Deriving Semantic Validation Rules from Industrial Standards: an OPC UA Study

Tracking #: 3039-4253

Yashoda Saisree Bareedu
Thomas Frühwirth
Christoph Niedermeier
Marta Sabou
Gernot Steindl
Aparna Saisree Thuluva
Stefani Tsaneva
Nilay Tufek Ozkaya

Responsible editor: 
Guest Editors SW for Industrial Engineering 2022

Submission type: 
Full Paper
Industrial standards provide guidelines for data modeling to ensure interoperability between stakeholders of an industry branch (e.g., robotics). Most frequently, such guidelines are provided in an unstructured format (e.g., pdf documents) which hampers the automated validations of information objects (e.g., data models) that rely on such standards in terms of their compliance with the prescribed guidelines. This increases the risk of costly interoperability errors induced by the incorrect use of the standards. There is therefore an increased interest in automatic semantic validation of information objects based on industrial standards.
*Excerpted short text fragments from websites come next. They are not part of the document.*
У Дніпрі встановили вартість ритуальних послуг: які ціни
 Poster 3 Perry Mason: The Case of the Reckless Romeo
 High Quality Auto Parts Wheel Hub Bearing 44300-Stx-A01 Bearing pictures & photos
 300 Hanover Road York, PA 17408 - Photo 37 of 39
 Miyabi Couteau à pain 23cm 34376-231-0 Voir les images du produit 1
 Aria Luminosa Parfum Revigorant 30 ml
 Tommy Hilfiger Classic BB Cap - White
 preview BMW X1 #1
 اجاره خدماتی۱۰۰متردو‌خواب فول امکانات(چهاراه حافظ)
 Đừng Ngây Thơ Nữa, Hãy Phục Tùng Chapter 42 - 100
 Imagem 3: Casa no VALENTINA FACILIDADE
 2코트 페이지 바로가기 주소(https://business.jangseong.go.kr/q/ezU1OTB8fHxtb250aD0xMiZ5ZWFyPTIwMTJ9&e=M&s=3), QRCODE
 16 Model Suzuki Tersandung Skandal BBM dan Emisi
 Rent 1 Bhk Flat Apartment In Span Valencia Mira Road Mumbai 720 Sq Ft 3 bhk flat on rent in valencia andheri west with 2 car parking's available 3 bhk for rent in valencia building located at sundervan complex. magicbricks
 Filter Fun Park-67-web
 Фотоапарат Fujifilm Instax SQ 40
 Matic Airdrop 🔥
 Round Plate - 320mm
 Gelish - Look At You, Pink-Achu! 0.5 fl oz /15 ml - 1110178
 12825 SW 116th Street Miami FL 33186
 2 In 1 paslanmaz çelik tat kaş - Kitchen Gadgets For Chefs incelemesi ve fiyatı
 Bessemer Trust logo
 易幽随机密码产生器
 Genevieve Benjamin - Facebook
In this paper we focus on an approach to semantic validation by formally representing the modeling constraints from unstructured documents as explicit rules (to be then used for semantic validation) and (semi-)automatically extracting such rules from pdf documents. We exemplify an adaptation of this approach in the context of the OPC UA industrial standard and conclude that (i) it is feasible to represent modeling constraints from the standard specifications as rules, which can be organized in a taxonomy and represented using Semantic Web technologies such as OWL and SPARQL; (ii) we could automatically identify constraints in the specification documents by inspecting the tables (P=87%) and text of these documents (F1 up to 94%); (iii) the translation of the modeling constraints into rules could be fully automated when constraints were extracted from tables and required a Human-in-the-loop approach for constraints extracted from text.
Full PDF Version: 

Major Revision

Solicited Reviews:
Click to Expand/Collapse
Review #1
By Jürgen Bock submitted on 01/Apr/2022
Minor Revision
Review Comment:

The submitted article addresses an important challenge and missing link that hampers the realization of CPPS, namely the fact that machines are expected to communicate and cooperate autonomously, but industrial standards for protocols, interfaces and data models are almost solely provided as PDF documents in natural language. Hence it requires human engineers to interpret these standards and configure their machines in order to achieve interoperability. The authors present an approach to (semi-)automatically extract constraints from such standards and derive rules to validate concrete data models for compliance with these standards. The authors develop their approach for the OPC Unified Architecture protocol and information model, particularly for OPC UA Companion Cpecifications as meta-models for specific domains and purposes. The contribution is to achieve a high degree of automation when it comes to validate if a specific device description complies with a particular OPC UA Companion Specification, especially regarding the constraints formulated in tables and natural language text of the specification.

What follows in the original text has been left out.